Since we are revolving the curve about $y = -1$, I augment the function by adding $1$ to it and treating it as revolving it around $y = 0$. Let $S$ be the surface area we are trying to find. \begin{align*} y &= \frac{x^3}{3} + \frac{x^{-1}}{4} \\ y' &= x^2 - \frac{x^{-2}}{4} \\ S &= \int_1^3 2 \pi \left(y+1 \right) \sqrt{1 + \left( x^2 - \frac{x^{-2}}{4} \right) ^2 } \,\, dx \\ S &= \int_1^3 2 \pi \left(\frac{x^3}{3} + \frac{x^{-1}}{4}+1 \right) \sqrt{1 + \left( x^2 - \frac{x^{-2}}{4} \right) ^2 } \,\, dx \\ S &= \int_1^3 2 \pi \left(\frac{x^3}{3} + \frac{x^{-1}}{4}+1 \right) \sqrt{ \frac{16x^4 + 8 + x^{-4}}{16} } \,\, dx \\ \end{align*}

This does not seem right to me. How do I complete this integration?

Answer 1

Consider a scalar function $f(x)$: $R$ $\rightarrow$ $R$. Then the surface area of the solid formed by revoling $f(x)$ about $y=0$ is S=$2\pi$$\int_a^b$$f(x)ds$, where $ds$ represents an infintesimal arclength element of the curve $f(x)$.

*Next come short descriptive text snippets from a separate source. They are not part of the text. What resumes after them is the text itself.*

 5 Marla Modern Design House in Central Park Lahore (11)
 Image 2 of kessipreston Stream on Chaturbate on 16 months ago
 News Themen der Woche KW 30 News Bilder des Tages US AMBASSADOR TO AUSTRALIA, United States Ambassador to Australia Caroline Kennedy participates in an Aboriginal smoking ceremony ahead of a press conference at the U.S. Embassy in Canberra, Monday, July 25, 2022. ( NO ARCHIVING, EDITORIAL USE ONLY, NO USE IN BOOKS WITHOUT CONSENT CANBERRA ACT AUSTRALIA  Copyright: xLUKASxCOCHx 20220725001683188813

To calculate the surface area of the solid formed by revolving $f(x)$ about y=$-1$, you must add 1 to the integrand. So we have that S=$2\pi$$\int_a^b$$(f(x)+1)ds$= $2\pi$$\int_a^b$$g(x)$ds, where $g(x)$=$f(x)+1$=${x^3\over 3}$+${1\over 4x}$+$1$.

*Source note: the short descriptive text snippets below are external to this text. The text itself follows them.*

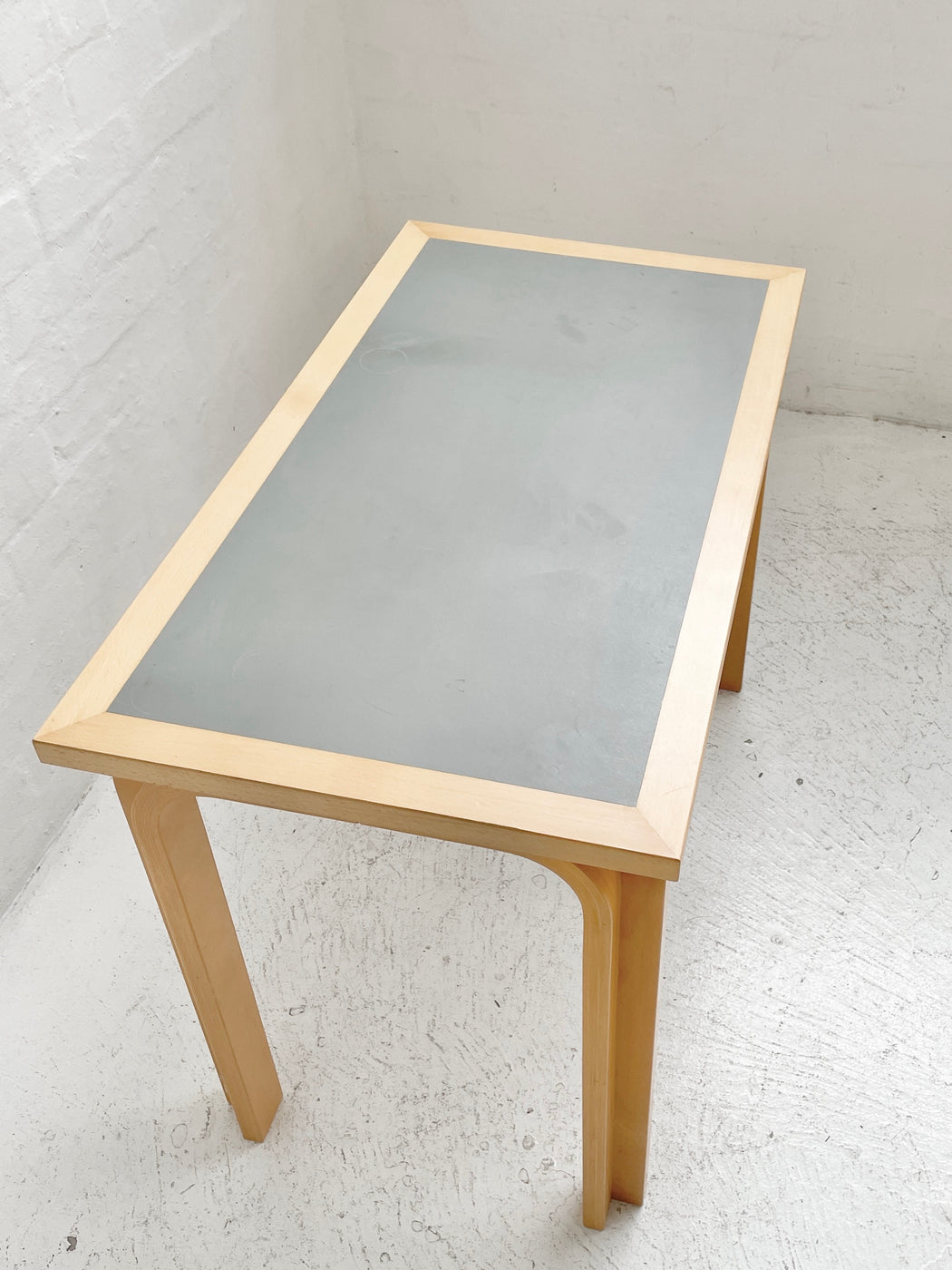 Thygesen & Sørensen Table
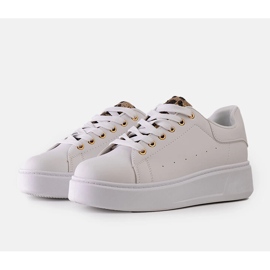 Fehér tornacipő szemet gyönyörködtető Asmait díszítéssel 1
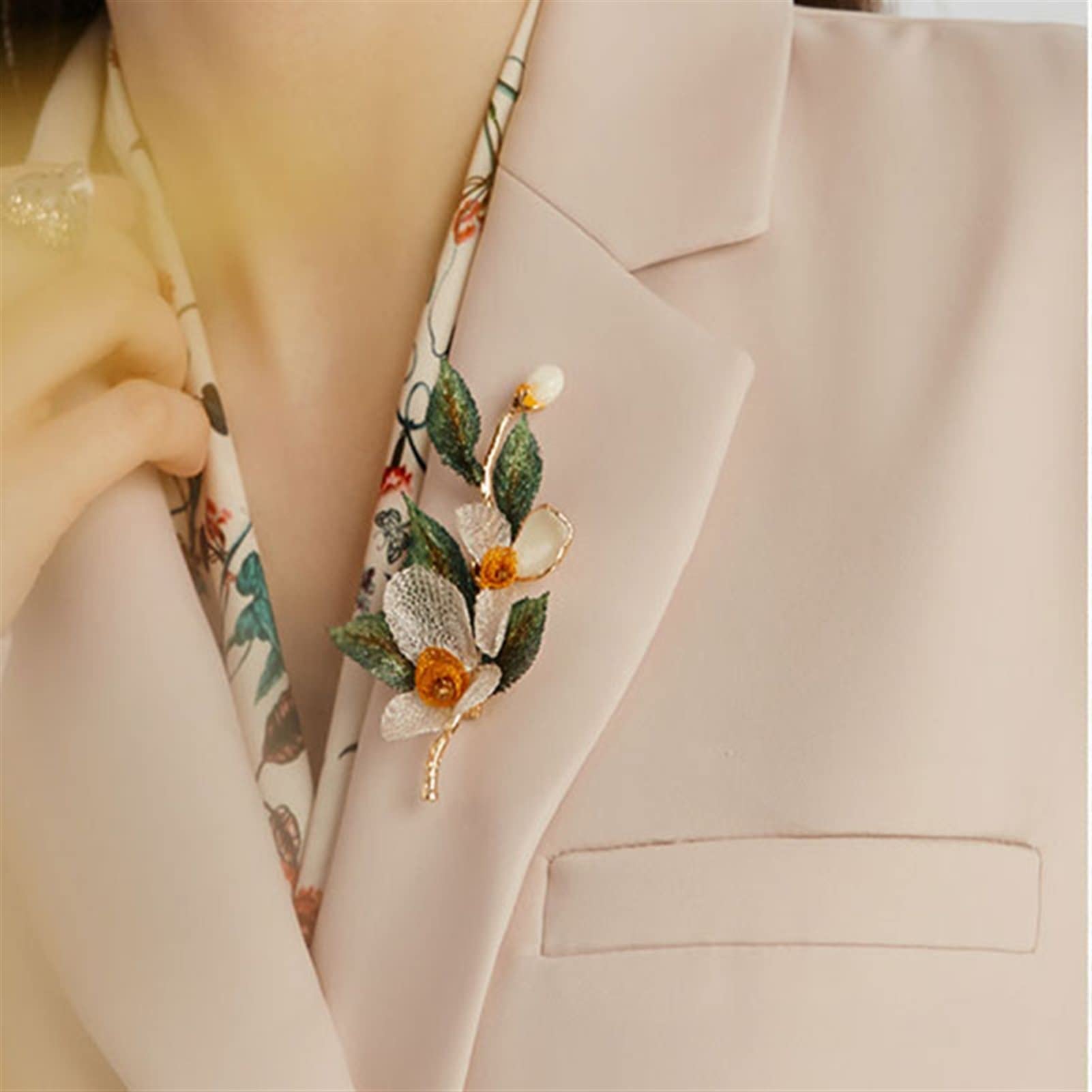 Broszka Pin dla Kobiet Mężczyzn Pań Eleganckie Akcesoria Róża Kwiat Ręcznie Składany Haftowany Liść Romantyczna Broszka Luksusowy Ślub Bankiet Broszka Ślub Urodziny Party Akcesoria
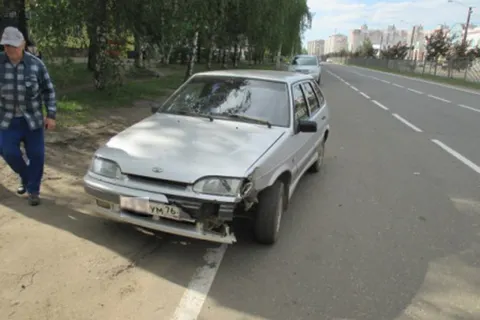 В Ярославле не поделили дорогу маршрутное такси и «Лада»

Note that $ds$=$\sqrt{1+({dg\over dx})^2}$$dx$=$\sqrt{{1}+(x^2-{{1\over4x^2}}})^2$$dx$.

Now substitute a=1, b=3, and the appropriate values for $g(x)$ and $ds$ into the integral S=$2\pi$$\int_1^3$$g(x)$ds. Calculating it will yield the desired surface area.

Answer 2

The integral formula for $S$ In the post is questionable. It is good for surfaces revolving around $x$, not $y$,

The following expression should be used, instead, to integrate surfaces around $y$, $$2\pi \int_1^3 (y+1)\sqrt{1 + \left( \frac{dy}{dx} \right)^2} \,\, dx $$

Otherwise, the integrand goes to infinity.